Untukmu Bahasaku
Oleh Dahlan Iskan
Setelah dua kali pembaca memberikan teguran rasanya saya tidak akan lagi menulis kata 'hutang'. Meski tidak berani bersumpah.
Memang, saat menulis, konsentrasi saya tertuju pada kelancaran bahasa. Tidak kepada kebenaran bahasa.
Saya terlalu konsentrasi pada kualitas isi. Di kelincahannya kalimatnya. Di diksinya.
Soal kata 'hutang' sudah lama saya tahu bahwa itu salah. Namun kebiasaan belum bisa berubah.
Demikian juga ketika menulis 'membawahi'. Saya sebenarnya tahu bahwa yang benar adalah 'membawahkan', tetapi ya itu tadi, kebiasaan kadang mengalahkan kebenaran.

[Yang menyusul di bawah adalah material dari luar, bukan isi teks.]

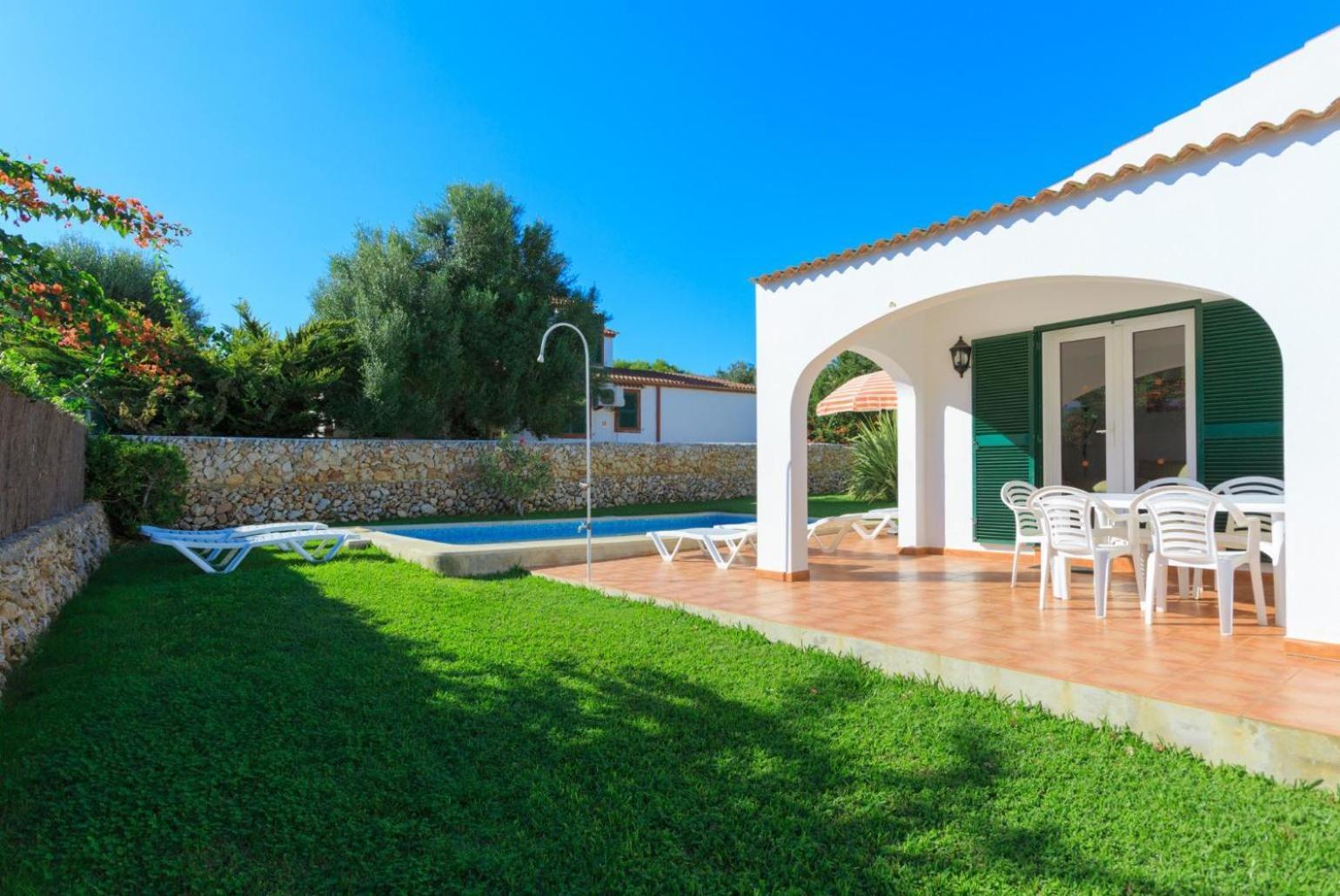 Villa Calitja Dos Cala en Bosch Exteriér fotografie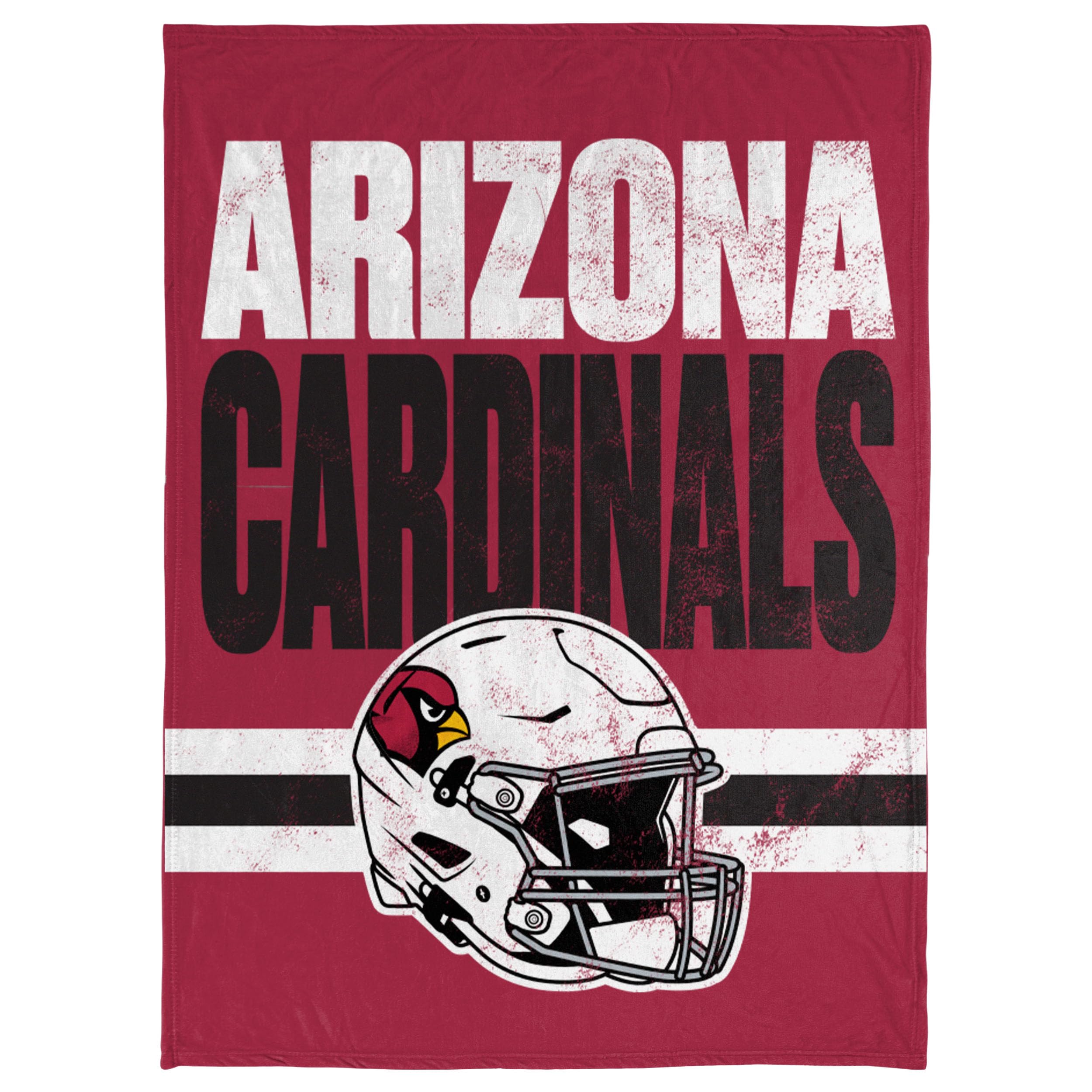 FOCO NFL Soft Plush Throw Blanket, 45 x 60, Arizona Cardinals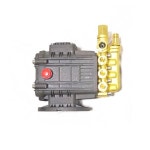 황동 세겹 플런저 펌프 세척 안개 기계 전기 모터 드라이브 2-8LPM 100Bar 여성 샤프트 직경 16/19mm : 세천마켓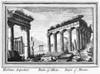 Greece: Ruins Of Athens. /Nhadrian'S Aqueduct (At Left) And The Temple Of Athena. Copper Engraving, 18Th Century. Poster Print by Granger Collection - Item # VARGRC0002108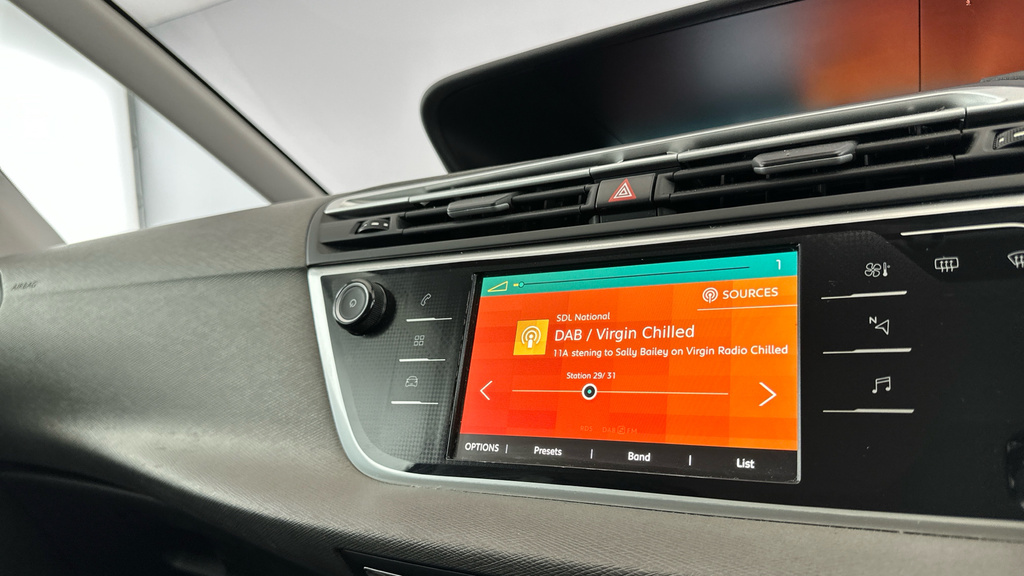 Citroen Grand C4 SpaceTourer Mpv Grey #20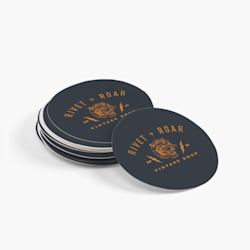 Circle Business Cards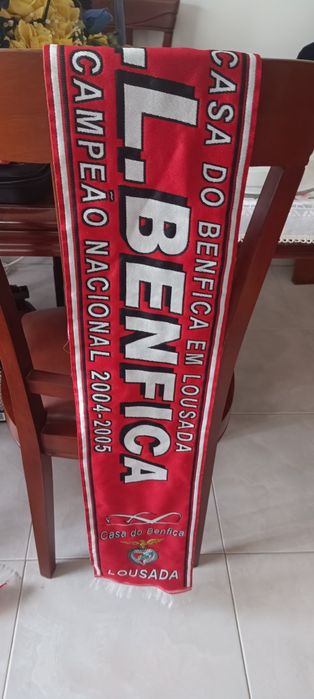 cachecol do Benfica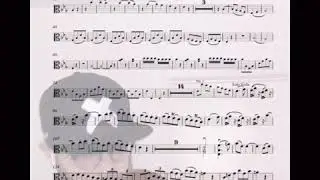 Mozart Sinfonia Concertante, Mvt. 3 - Excerpt on Viola - Sight Reading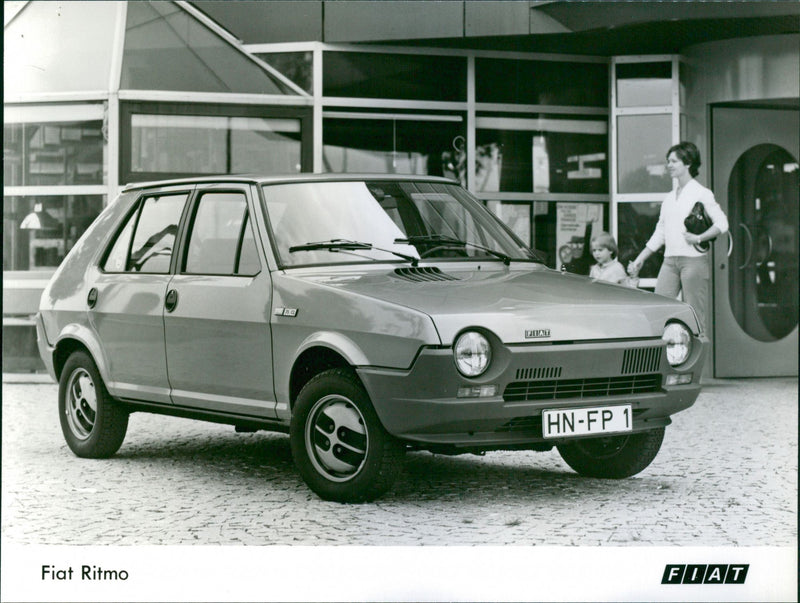 Fiat Ritmo - Vintage Photograph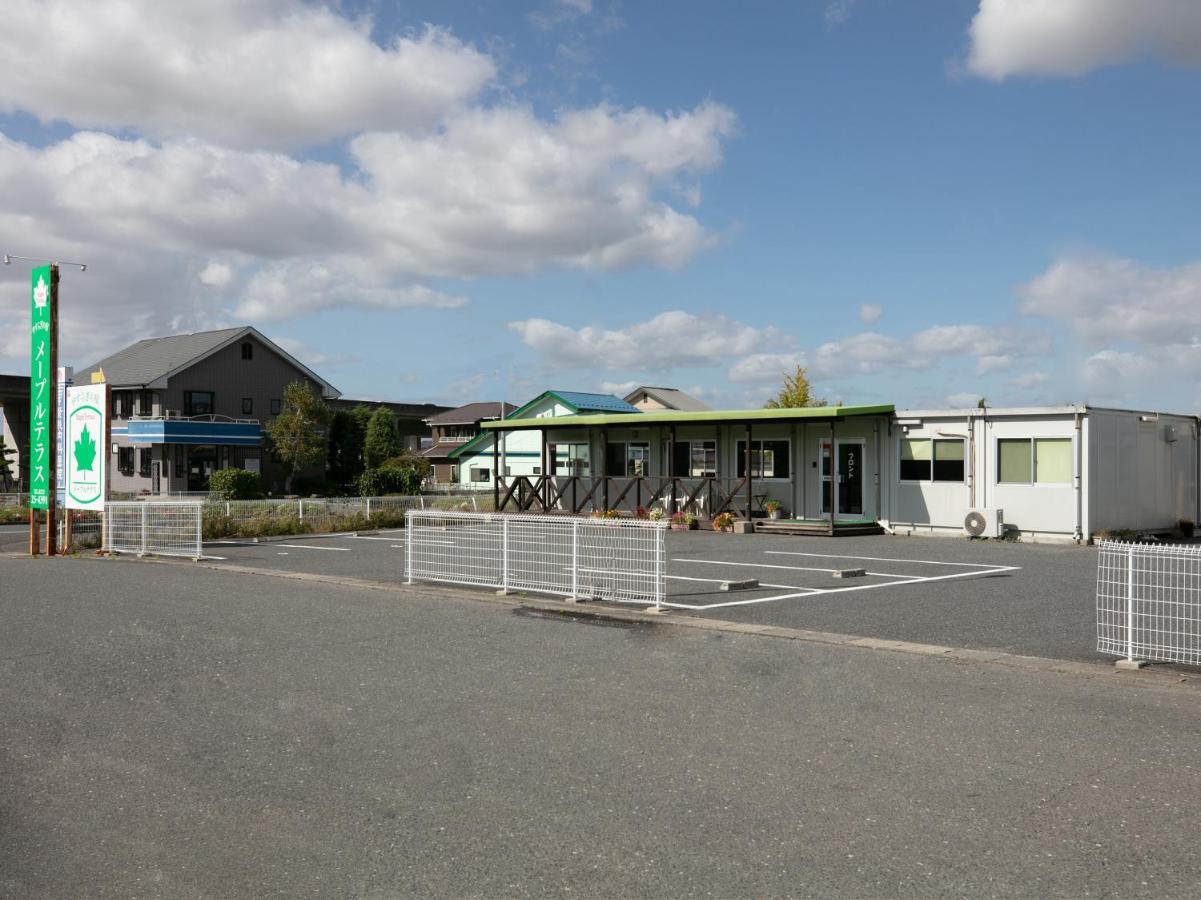 OYO Hotel Maple Terrace Ishinomaki-Kanomata Exterior foto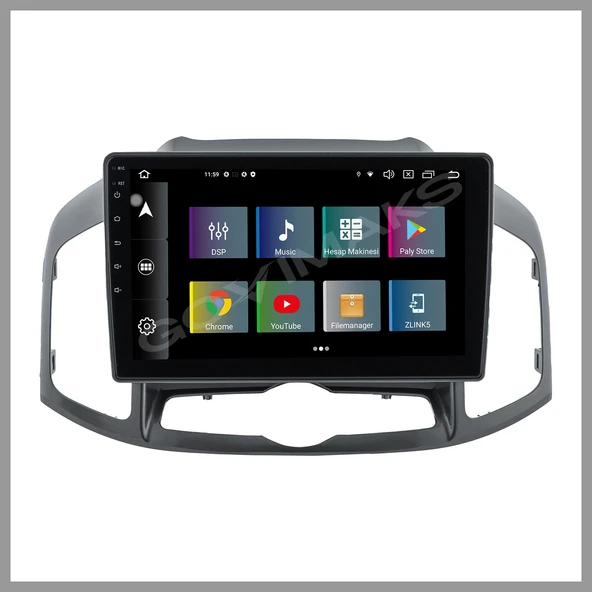 CHEVROLET CAPTIVA 2012-2016 UYUMLU 6 GB RAM 128 GB HAFIZA ANDROID MULTIMEDIA TEYP - Resim 10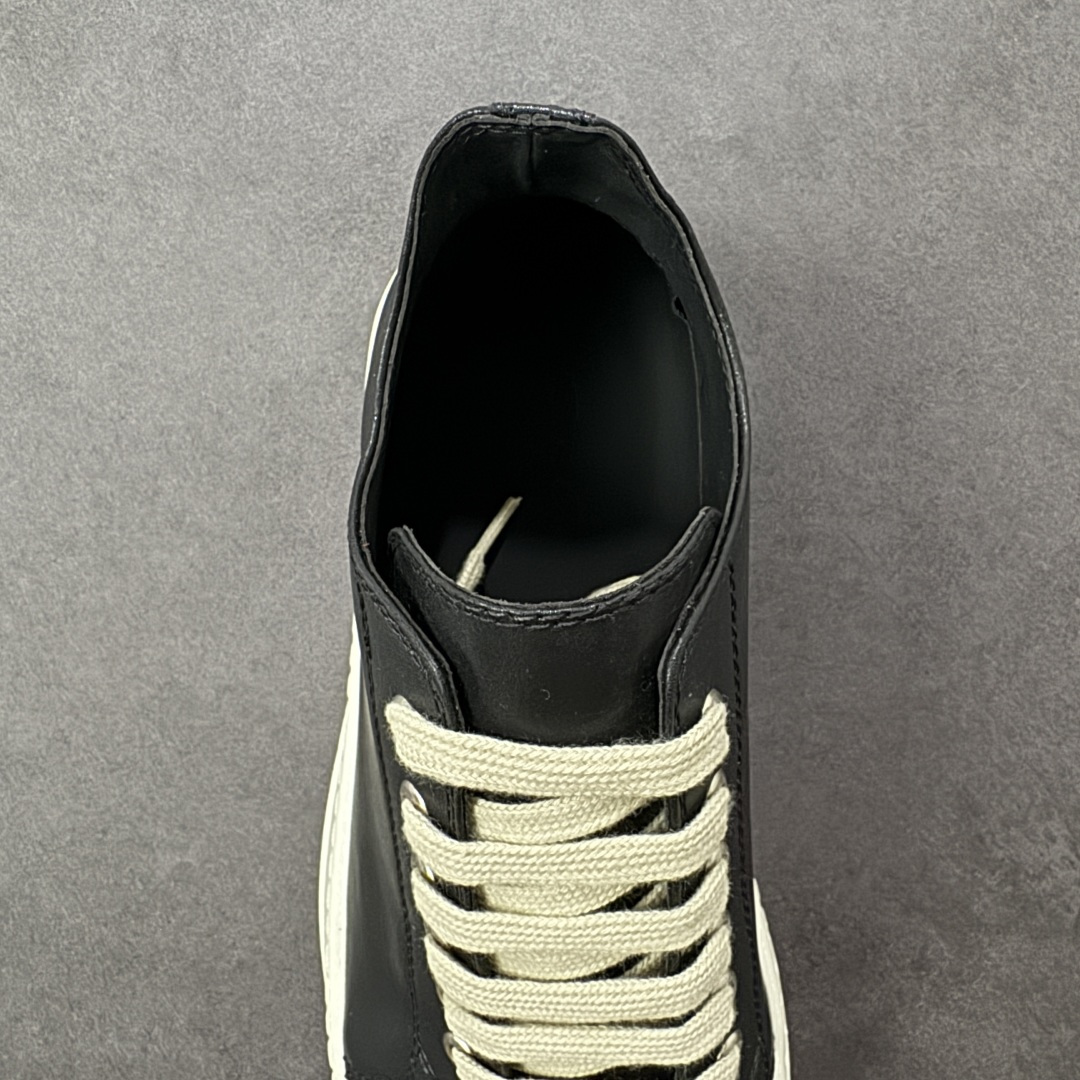 图片[7]-【广东高品质版】瑞克 欧文斯Rick owens 主线 经典西瓜头 RO低帮 广东大厂出品 全头层皮料 原版开发 版型不错 配件齐全 性价比十足 尺码：35 36 37 38 39 40 41 42 43 44 45 45-选品中心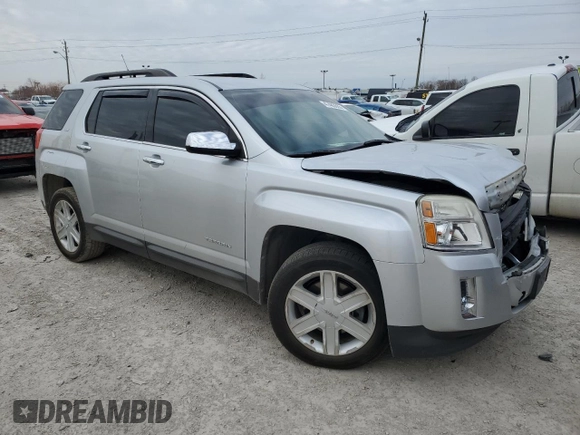 2012 GMC Terrain SLT-1 with VIN 2GKFLVEK1C6171560, listed as a Copart auction lot 47483655 with 179,869 mi miles and Non Repairable. Bid and sale history available at DreamBid. Image 4.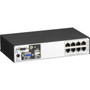 Black Box ServSwitch CX Uno 8-Port - 8 Computers - 1 Local Users - 1920 x 1200 - 9 x Network RJ-45 - 2 x USB1 x VGA - - 1U KV0081A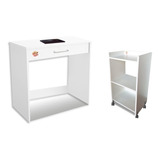 Mueble Manicuria Mueble Auxiliar Depilación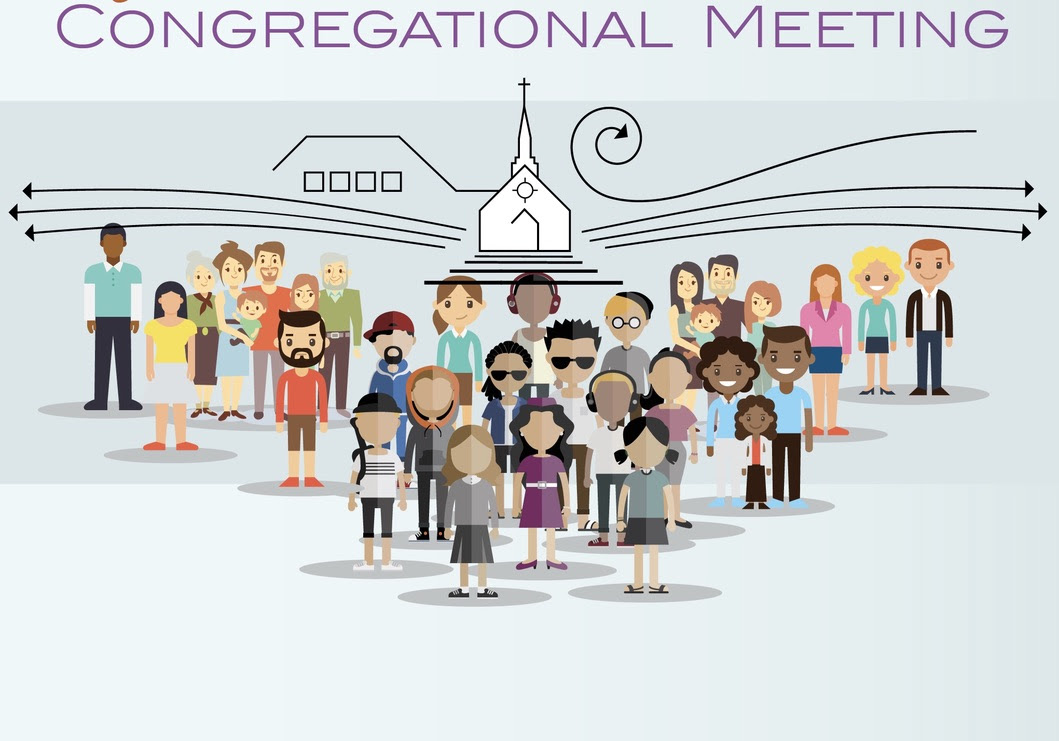 Recap Congregational Meeting Held March 7th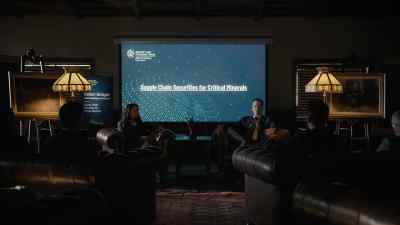 The Green Revolution is being
throttled by access to cobalt. - The Company You Keep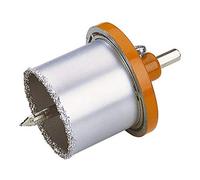 wolfcraft Annular Bit, Tungsten Carbide Coated I 3465000 I For installation work in brick walls and stone, cutting depth 55 mm
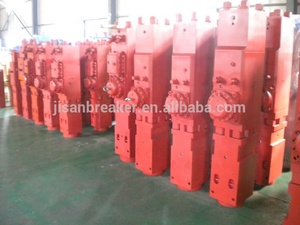 Jisan marca Jsb serie Rock Breaker escavatore disponibile in Rock Breaker 12 mesi 40-180 Mm miniera di energia 15-290 L/min 2-55 Ton CE - Product Image 4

Saya menyadari itu. Harus ada yang terus memberikan teguran. Sampai yang benar itu menjadi kebiasaan. Lalu biasa benar.
Please, jangan bosan menegur. Memang kesannya saya ini tidak mau belajar dari kesalahan. Lihatlah komentar di DI's Way ini. Yang ditulis bung Rofiq tanggal 21 Agustus ini.
"Ndableg. Soal risiko yang sudah diingatkan almarhum KHUSNUN. SDH DIKOREKSI JUGA OLEH Yusuf Ridlo," tulis bung Rifiq.